Therapie Schulmedizin

Chirurgie  Notfallmedizin – Wundversorgung

Sobald sich ein Tier die Haut oder sogar Sehnen, Muskeln oder Knochen durchtrennt  ist dies ein Notfall.

Soweit es vor Ort möglich ist, bzw. nach Absprache mit den Besitzern, wird das Tier von mir chirurgisch versorgt und weiter behandelt oder „Erstversorgt“ und in eine Klinik überwiesen.

Kastration z.B. Hengst

Therapie von Kastrationskomplikationen

Trotz gewissenhafter und fachlich korrekter chirurgischer Kastration können  Komplikationen auftreten.

Frühes Erkennen und Eingreifen bei z.B. Wundheilungsstörungen ist essentiell.

Gelenktherapie

Ein Tier kann sich akut eine Gelenkentzündung zuziehen, oder auch schon aufgrund von hohen Alter oder vermehrter Belastung mit chronischen Gelenkentzündungen zu tun haben.

Je nach individuellem Fall kann die Injektion spezieller Medikamente zur Linderung oder im besten Fall auch zur Heilung der Gelenksentzündung führen. Punktionen bzw. Injektionen in synoviale Strukturen (Gelenke, Sehnenscheiden und Schleimbeutel) müssen jedoch immer unter sterilen Bedingungen durchgeführt werden, damit es möglichst nicht zu einer bakteriellen Infektion kommen kann.

Infusionstherapie

Bei Kolikpatienten, verunfallten, schwachen, dehydrierten bzw. Kreislauf instabilen Patienten kann eine Infusionstherapie notwendig sein. D.h. das Tier kommt „an den Tropf“.
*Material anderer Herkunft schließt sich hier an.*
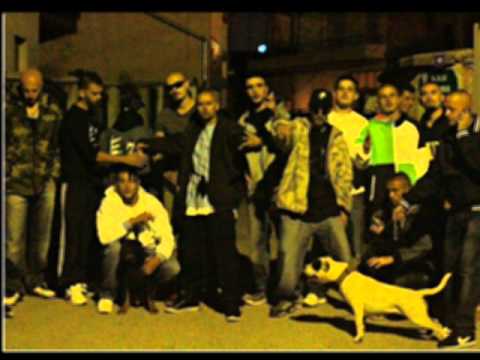 Confident Ft Papirus - Badihava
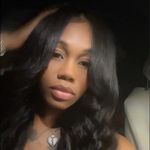 Robin Drew - @robins_rosessss - Instagram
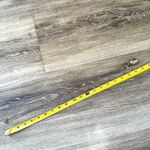 Lane Bryant  vintage gold tone pineapple pendant necklace Photo 7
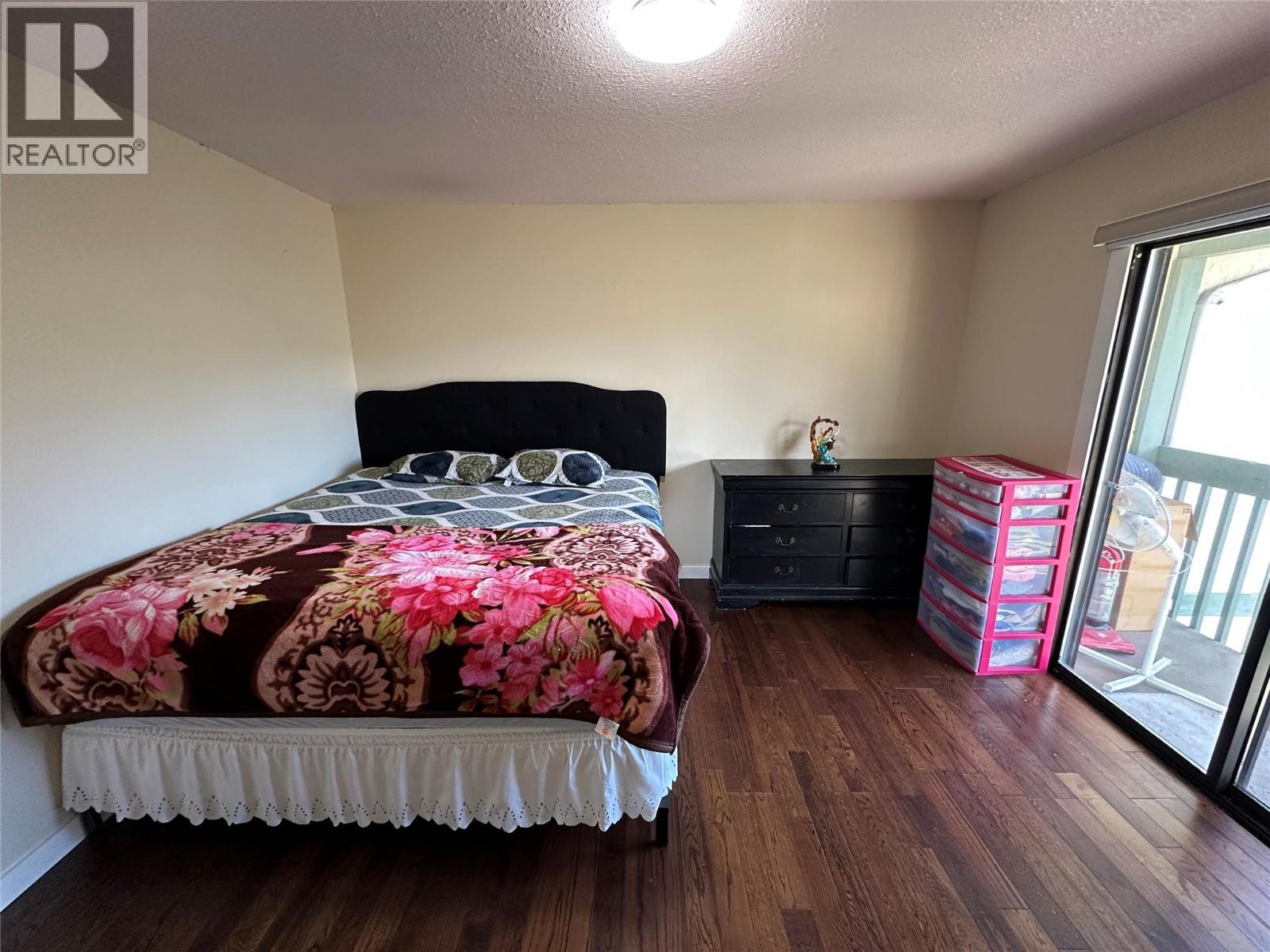 #11 6370 Park Drive - 20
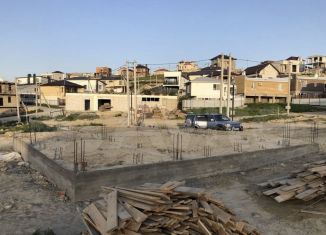 Продажа участка, 5 сот., село Супсех, Покровская улица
Zu diesem Zweck wird dem Tier einen Venenkatheter gesetzt. Über diesen wird dem Tier eine spezielle Infusionslösung zur Verbesserung des Kreislaufes, des Wasserhaushaltes und des Stoffwechsels verabreicht.

Inhalationstherapie

Die Lungen der Pferde sind sehr empfindlich auf Ammoniak, Staub und den darin enthaltenen Pilzsporen und Pollen. Wie beim Menschen kann es auch bei Pferden dazu kommen, dass sie „Asthmatiker“   werden.

Als Therapie bzw. zur Erleichterung der Symptomatik können auch Pferde inhaliert werden.

Es gibt dafür spezielle Pferdeinhalatoren, in welchen die zur Therapie notwendigen Medikamente verdampft werden und so bei jedem Atemzug des Pferdes in die Lungen gelangen.

Ich habe in meiner Praxis einen Pferdeinhalator zur Verfügung; dieser kann im   Bedarfsfall auch vermietet werden.

Neuraltherapie

Die Neuraltherapie beruht auf der Tatsache, dass über die gesamte Länge der Wirbelsäule, zwischen den Wirbelkörpern die sogenannten Segmentalnerven austreten. Diese Nerven versorgen segmentweise die Körperregionen und Organe. Hat das Tier nun in einem speziellen Segment eine Erkrankung bzw. Schmerzen, lässt sich mittels gezielter Anästhesie bzw. Infiltration der entsprechenden Nerven Linderung bzw. Heilung erzielen.